** Supplied data **
┏━━
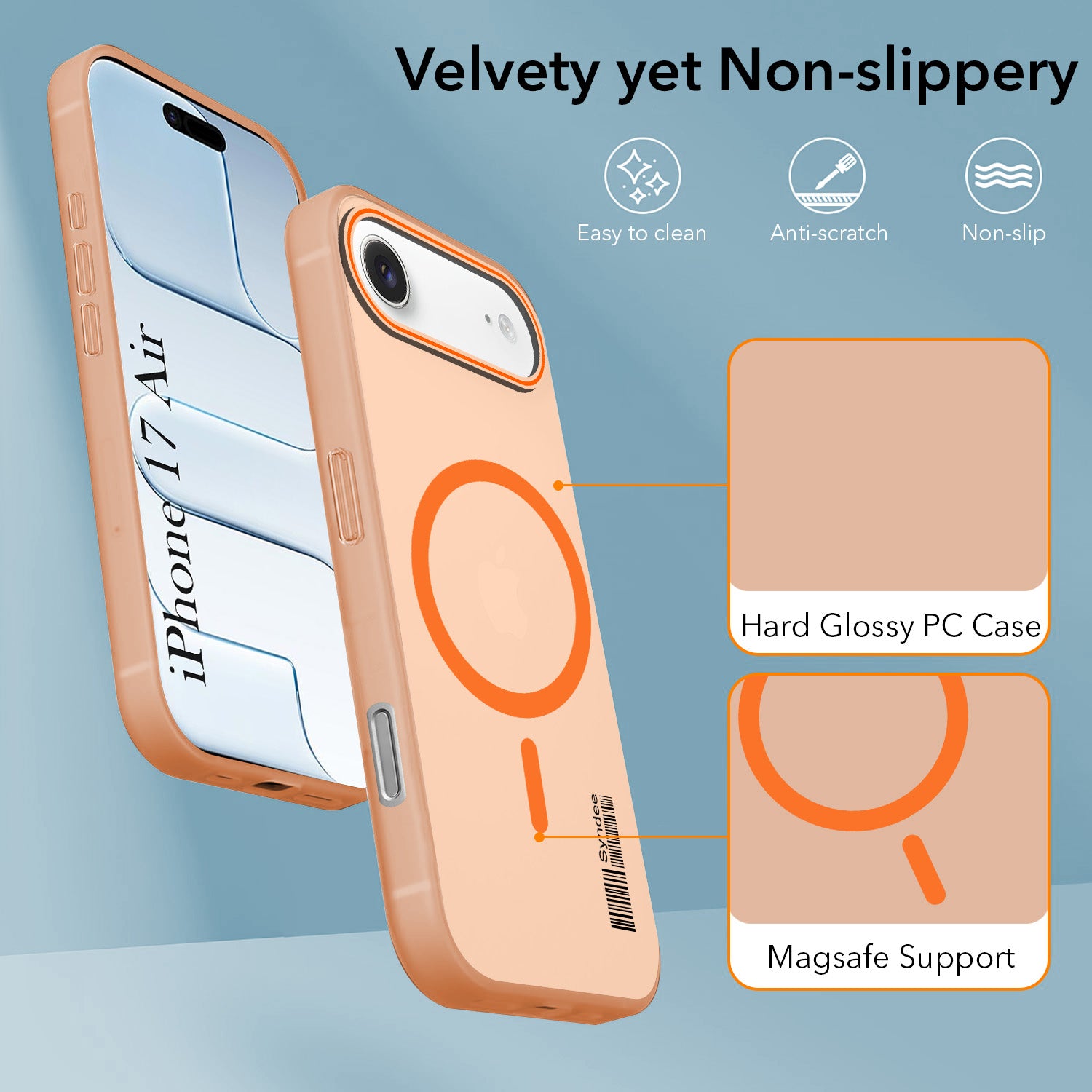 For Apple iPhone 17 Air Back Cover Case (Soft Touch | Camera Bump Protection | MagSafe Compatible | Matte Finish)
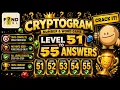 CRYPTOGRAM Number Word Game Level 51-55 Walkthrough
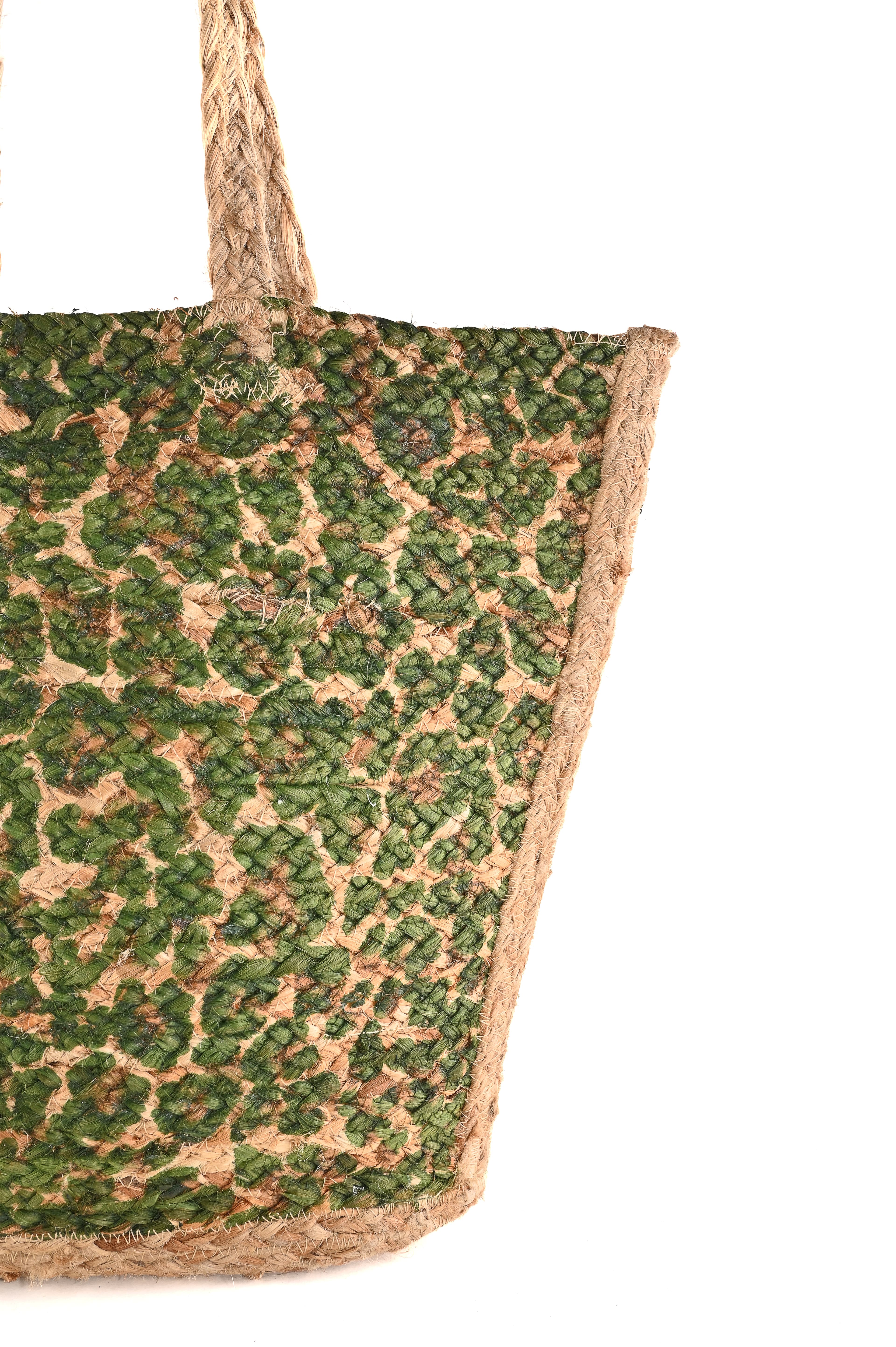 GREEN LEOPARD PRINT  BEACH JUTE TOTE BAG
┗━━
┏━━
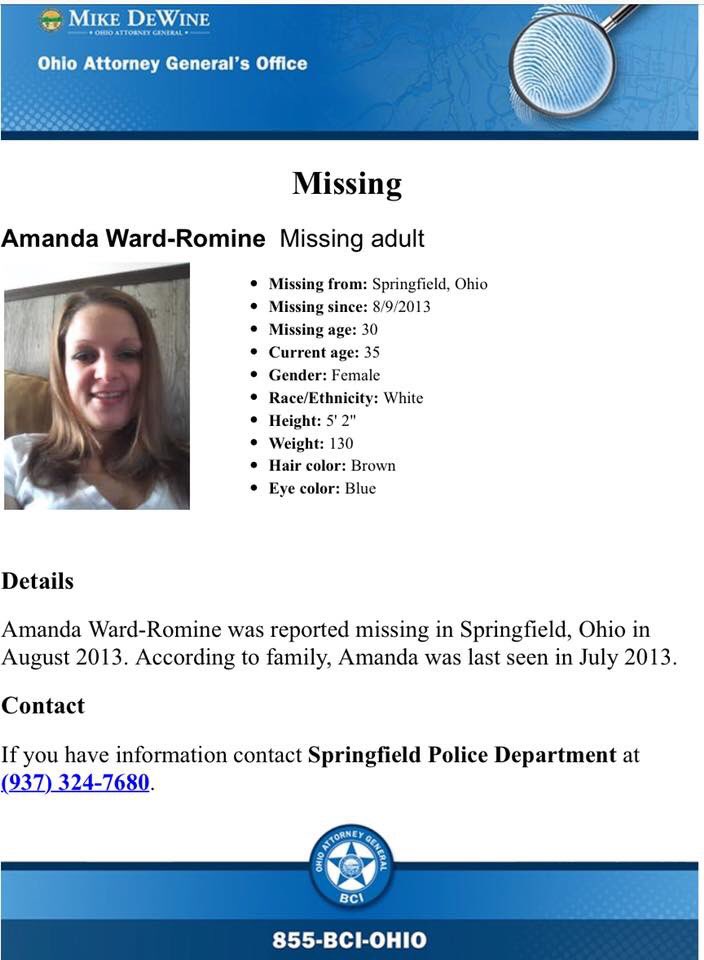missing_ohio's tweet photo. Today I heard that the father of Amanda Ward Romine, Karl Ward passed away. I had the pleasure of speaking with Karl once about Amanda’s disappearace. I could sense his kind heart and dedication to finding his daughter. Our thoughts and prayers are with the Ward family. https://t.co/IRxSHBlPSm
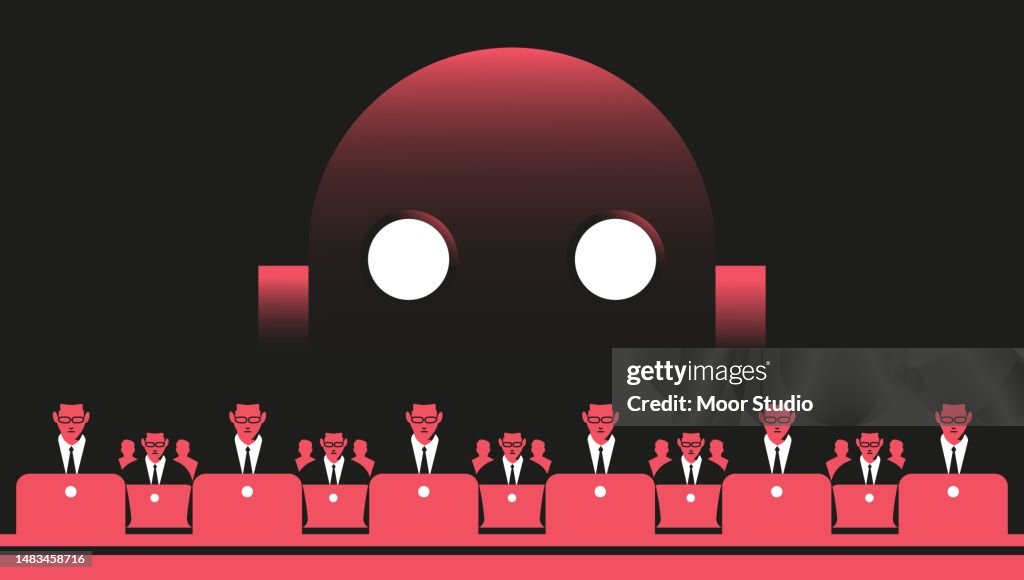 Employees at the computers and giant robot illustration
┗━━
** Problem description **
Skip every picture, and restate word for word only the lines above from the line containing "CRYPTOGRAM Number Word" to the line containing "GREEN LEOPARD PRINT", both of them included.

** Written response **
 CRYPTOGRAM Number Word Game Level 51-55 Walkthrough
 GREEN LEOPARD PRINT  BEACH JUTE TOTE BAG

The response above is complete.